Calvary Cemetery (actually two cemeteries, Old Calvary and New Calvary) is located in Queens - anyone who has taken a cab to JFK or LaGuardia has likely noticed the seemingly endless sea of tombstones on the hills next to the highway.  It is impossible to adequately capture the size of the cemeteries in a picture.  We spent a few hours exploring and didn't even come close to seeing everything.

What we did see, however, was amazing.  It was a beautiful fall day, and the changing leaves and blue skies made the cemetery seem anything but scary.  In addition to fascinating statues and buildings, Old Calvary cemetery offers stunning views of the Manhattan skyline.






And with that I am closing the book on Halloween 2010, a fun but very tiring three days.  Now if only Halloween still ended with a big bag of candy...

Sunday, October 24, 2010

The High Line

It may have come through in my last post that I've been in a little bit of a funk about being back home after vacation.  It was partly due to jet lag and the usual letdown of not being on vacation anymore.  But there was another part of it that stemmed from feeling disconnected to New York for the first time since I moved here - for 11 years I've had either school or a job or something else concrete tying me to the city.  While I don't miss my job, I've honestly been feeling a bit lost these last few days.

But now I'm bouncing back.  After a week of rest and a few heart-to-hearts with my most optimistic and supportive New York friends, I've realized that I have nothing to be in a funk about.  I've always been really tough on people who decide that they hate New York when they've never bothered to really give it a chance and take advantage of the good things New York has to offer.  And while I will never fall into that category because I love this city, I realized that I could point some of those same criticisms right back at myself.  For years I've wanted nothing more than to have free time to enjoy my life here.  If I don't do anything with my free time now that I finally have it, I deserve to be in a funk.

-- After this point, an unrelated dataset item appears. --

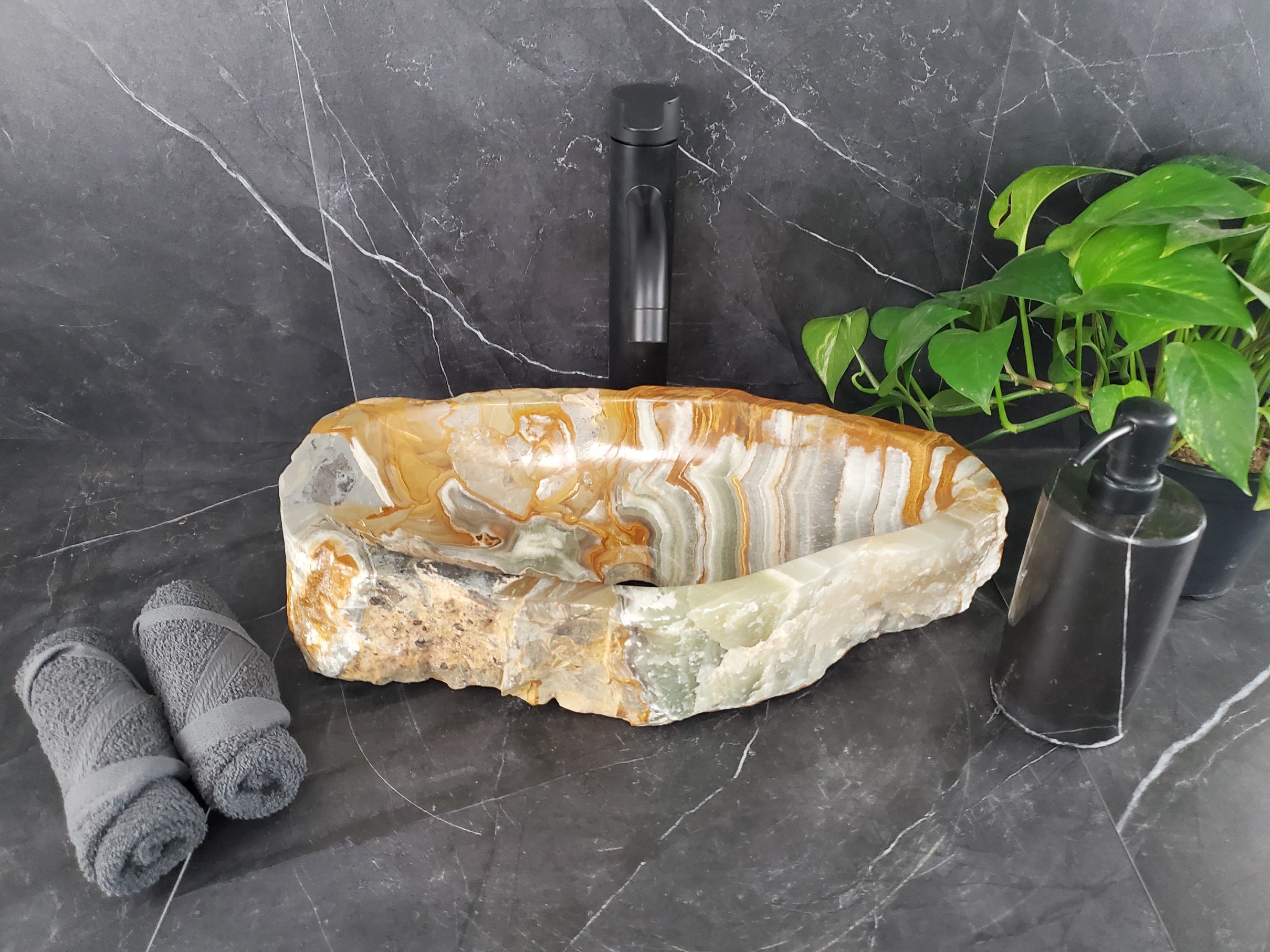S25_18 Onyx Stone Vessel Bathroom Sink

So I've decided that I'm going to try to do at least one uniquely New York thing each week.  Today's adventure was the High Line.  For those who don't know, the High Line is an elevated park on the west side of Manhattan, on the site of old freight rail tracks that began operating above the streets of New York in the 1930s.  The last trains ran on the High Line in 1980.  About 20 years later, a private group initiated plans to preserve the High Line and turn the abandoned tracks into public park space.  The park is now home to 210 plant species, and offers a stark contrast to the highway and skyscrapers that otherwise define the west side of Manhattan.

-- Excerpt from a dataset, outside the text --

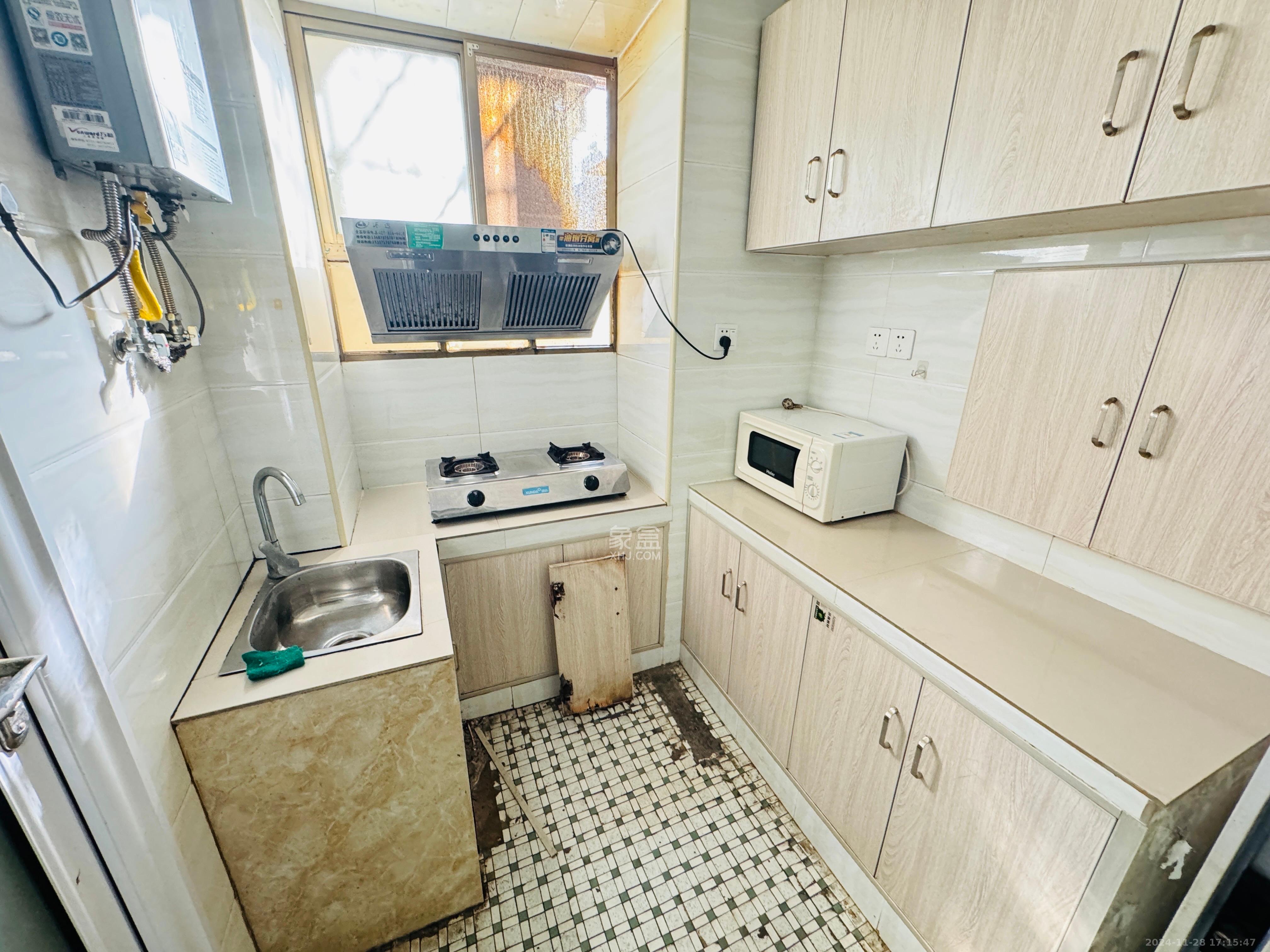 裕农街散盘 2室1厅1卫 1600.0元/月 裕农街散盘 2室1厅1卫 1600.0元/月室内图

The first section of the High Line (currently the only section completed) opened last year, with plans for Section 2 to open next year.   If you're looking for something to do in New York beyond the typical tourist attractions, I recommend a visit.

So, with this one simple excursion I can feel my funk starting to lift.  Now I'm off to make a list of all the other things in New York I've been wanting to do.  And if anyone has any recommendations to add to the list, suggest away!

Friday, October 15, 2010

Back to life, back to reality

I've been safely settled in back at home in Brooklyn for the last day and a half, and jet lag has started to rear its ugly head.  Yesterday I thought I was fine, but today the adjustment back has been a bit more rough.

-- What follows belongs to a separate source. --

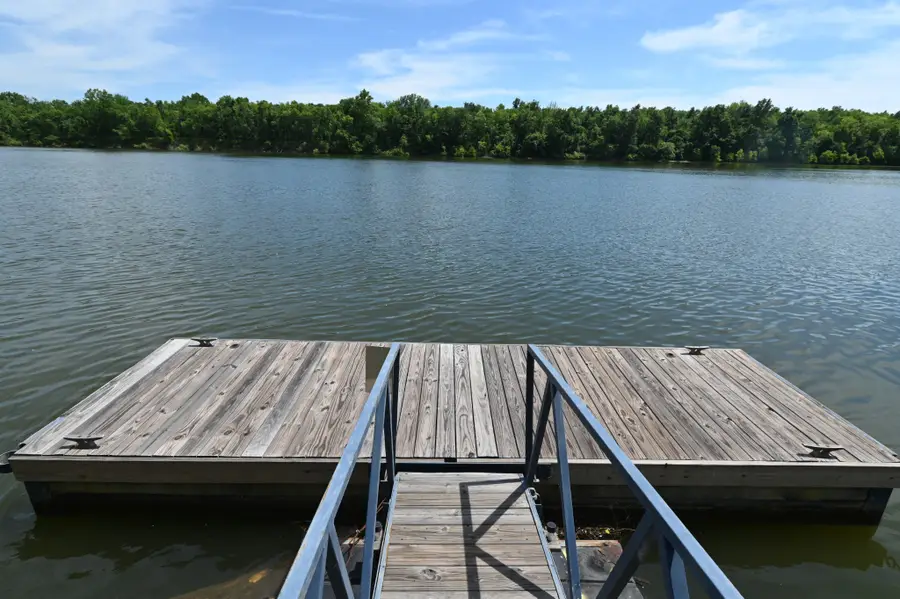 1067 Wc Pickett, Clifton, TN 38425 - #2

My flight back was, of course, not smooth sailing.  I was supposed to fly from Vienna to Warsaw, with a layover of an hour and 40 minutes before my flight to Newark.  But Vienna had one last treat in store for me.  I didn't see a single cloud for the entire 5 days I was there, but the morning I left was completely cloudy and foggy with minimal visibility.  Our flight finally took off 2 hours later than scheduled, conveniently touching down in Warsaw 5 minutes after my flight to Newark was scheduled to take off.  I was fairly certain I'd be spending an unexpected day in Warsaw.

I rushed to the slowest security line ever (there was additional security for flights to the US because security for the flight from Austria to Poland was practically nonexistent), and then to wait in an equally slow passport control line.  Once I was finally cleared, I ran to the gate to find that the flight to Newark miraculously hadn't left yet.  I walked on under the "final call" sign as they essentially closed the airplane door behind me.  I still have no idea why that flight left an hour late, but I'm thankful.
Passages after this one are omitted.